Supplied records =>

%%

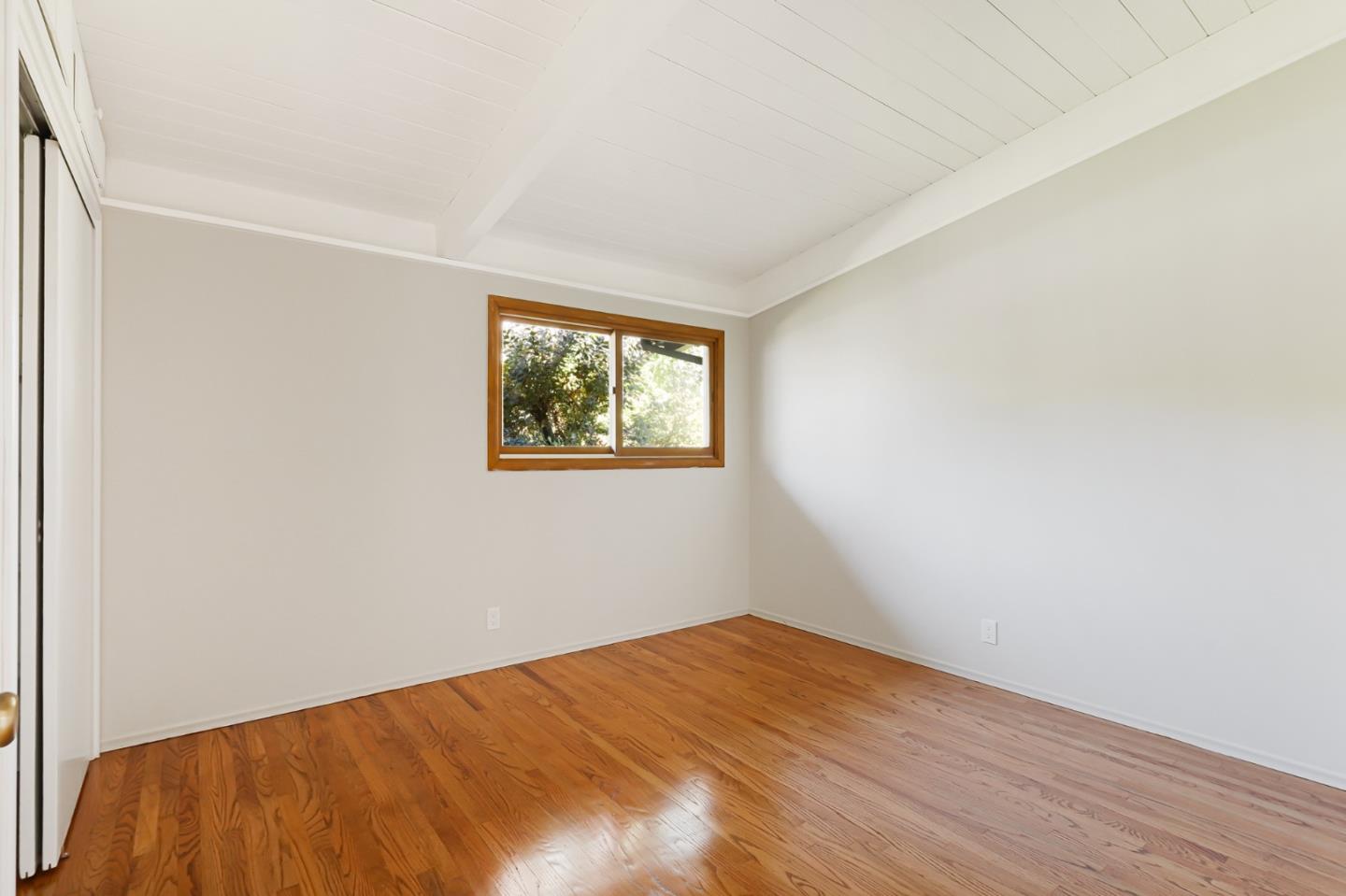 3955 Bibbits Drive Palo Alto, CA 94303 - Photo 21 of 42 a view of empty room with wooden floor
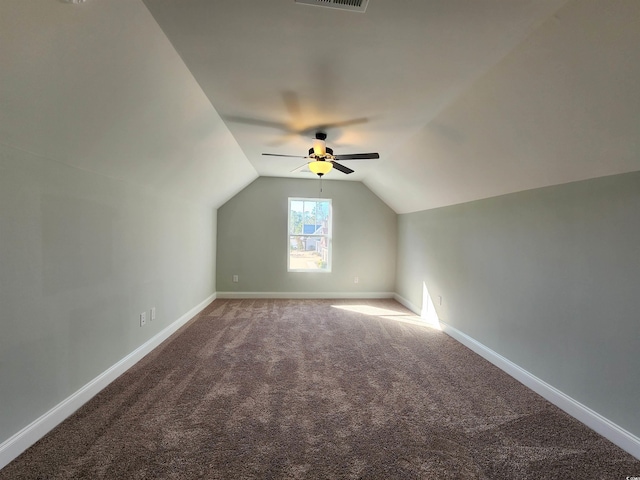 additional living space featuring ceiling fan, carpet, and vaulted ceiling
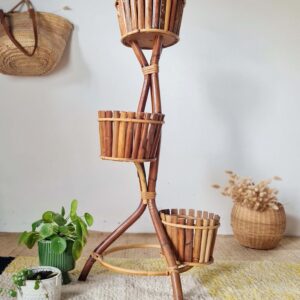 Vue d'ensemble en plan moyen d'un grand porte-plante vintage en bambou à trois étages, avec ses pots garnis de plantes, un panier en osier de fleurs séchées à droite et deux petits pots au sol à gauche.
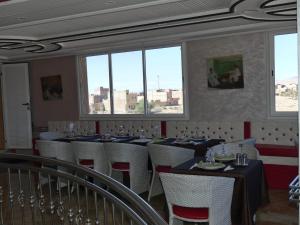 a dining room with tables and chairs and windows at Dar Diafa Chez Anaam in Er Rachidia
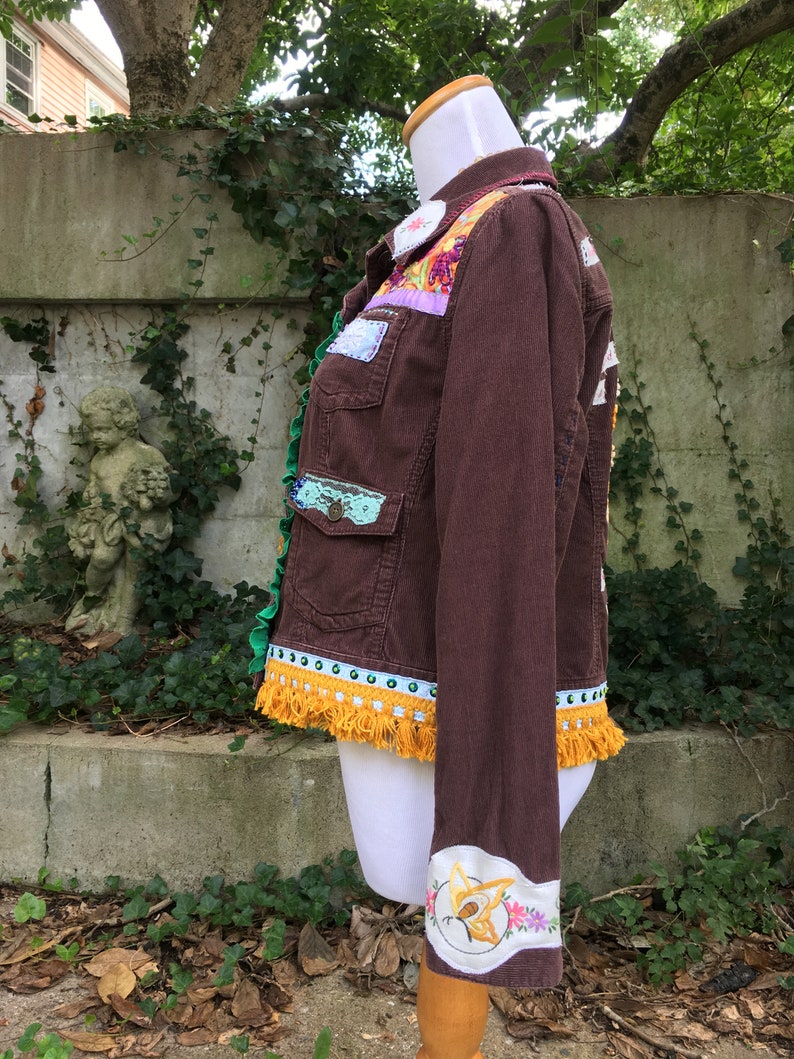May include: A brown corduroy jacket with colorful patchwork details, including floral embroidery, lace, and fringe. The jacket has a yellow tassel trim and a butterfly embroidered on the cuff.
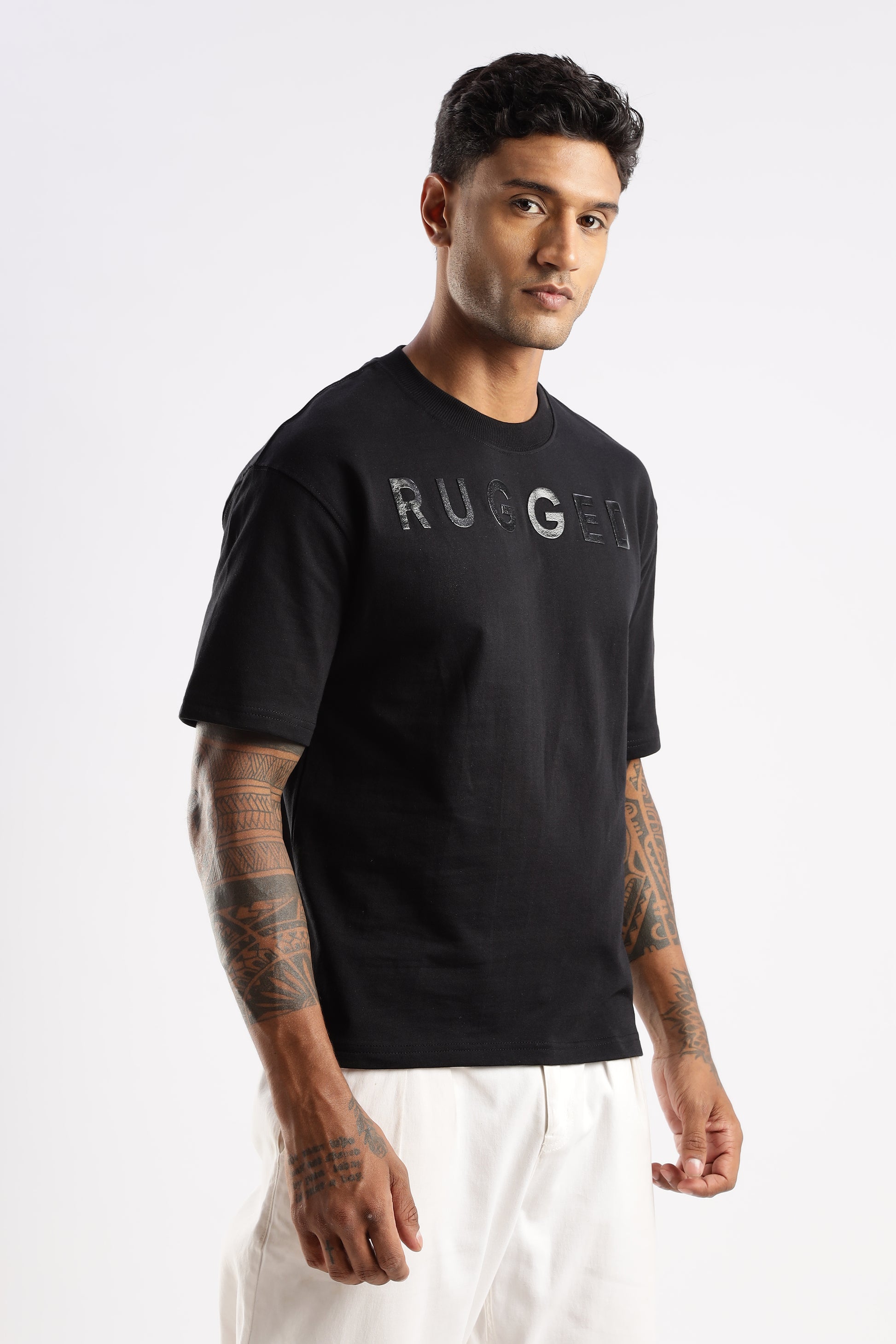 Lifestyle image of man wearing Onyx Depth Signature Tee in an outdoor setting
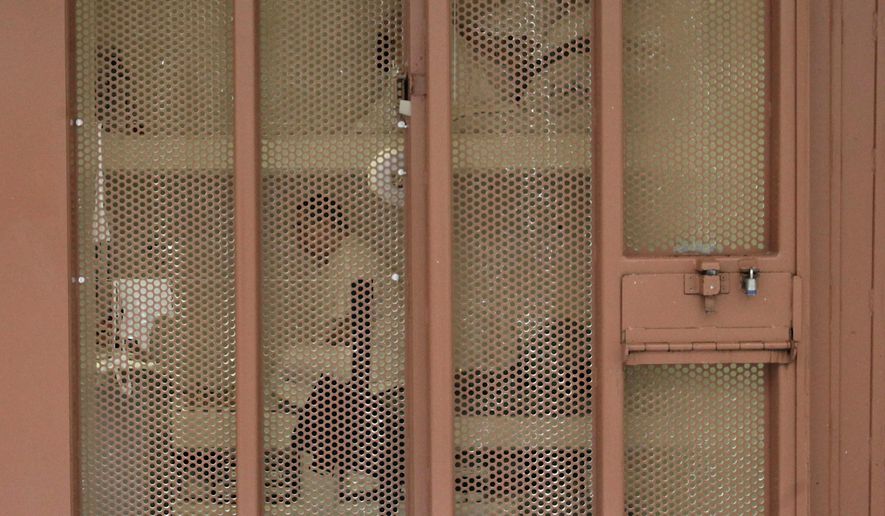 FILE -- In this Aug. 17, 2011, file photo, a pair of inmates are seen in their cell in the Security Housing Unit at the Pelican Bay State Prison near Crescent City, Calif. Inmates say newly imposed welfare checks in the SHU have created excessive noise by the guards, causing California prison officials to hand out earplugs to inmates and tell the guards to walk softly while going about their rounds. (AP Photo/Rich Pedroncelli, file)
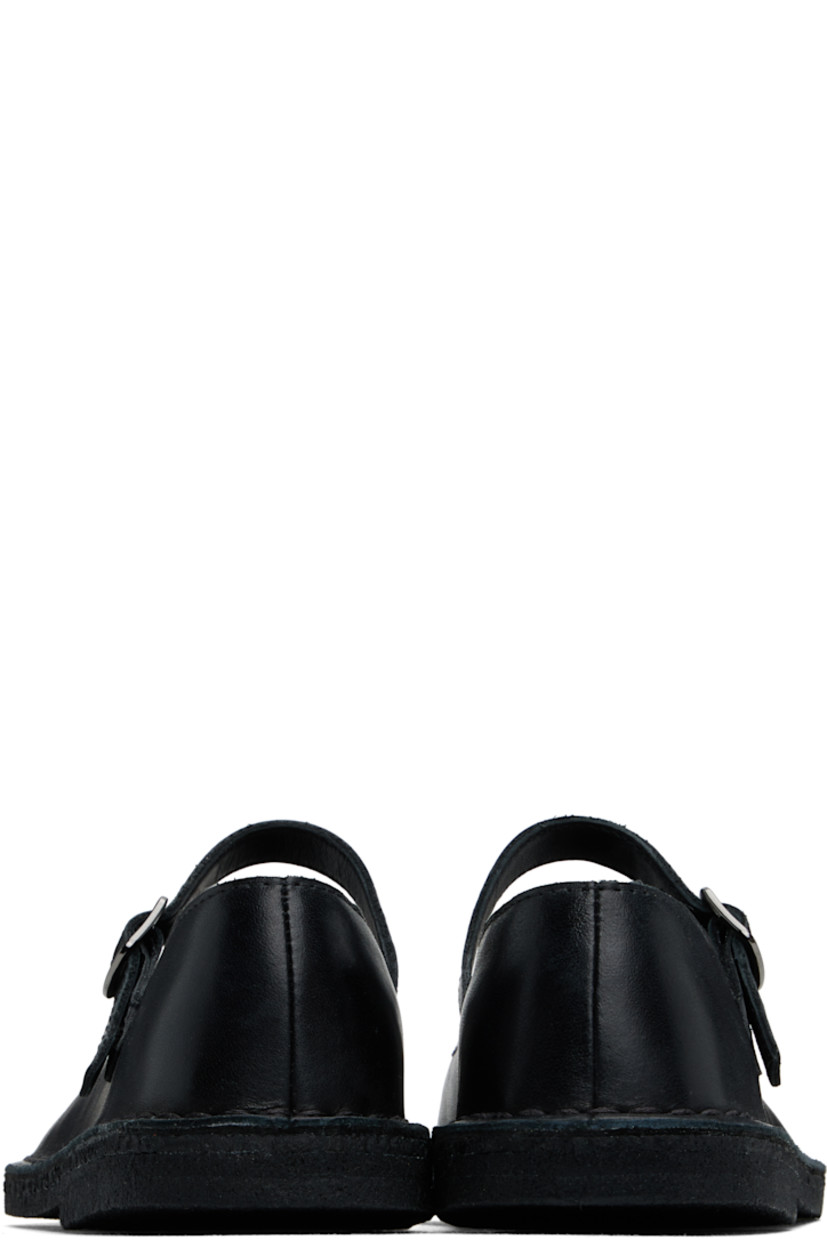 Buffed leather Mary Jane-style ballerina flats in black.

%%

Work order =>
Leave out the pictures and retype the rest of the entries exactly.

Exercise solution =>
 3955 Bibbits Drive Palo Alto, CA 94303 - Photo 21 of 42 a view of empty room with wooden floor
 additional living space featuring ceiling fan, carpet, and vaulted ceiling
 Vue d'ensemble en plan moyen d'un grand porte-plante vintage en bambou à trois étages, avec ses pots garnis de plantes, un panier en osier de fleurs séchées à droite et deux petits pots au sol à gauche.
 a dining room with tables and chairs and windows at Dar Diafa Chez Anaam in Er Rachidia
May include: A brown corduroy jacket with colorful patchwork details, including floral embroidery, lace, and fringe. The jacket has a yellow tassel trim and a butterfly embroidered on the cuff.
 Lifestyle image of man wearing Onyx Depth Signature Tee in an outdoor setting
 FILE -- In this Aug. 17, 2011, file photo, a pair of inmates are seen in their cell in the Security Housing Unit at the Pelican Bay State Prison near Crescent City, Calif. Inmates say newly imposed welfare checks in the SHU have created excessive noise by the guards, causing California prison officials to hand out earplugs to inmates and tell the guards to walk softly while going about their rounds. (AP Photo/Rich Pedroncelli, file)
 Buffed leather Mary Jane-style ballerina flats in black.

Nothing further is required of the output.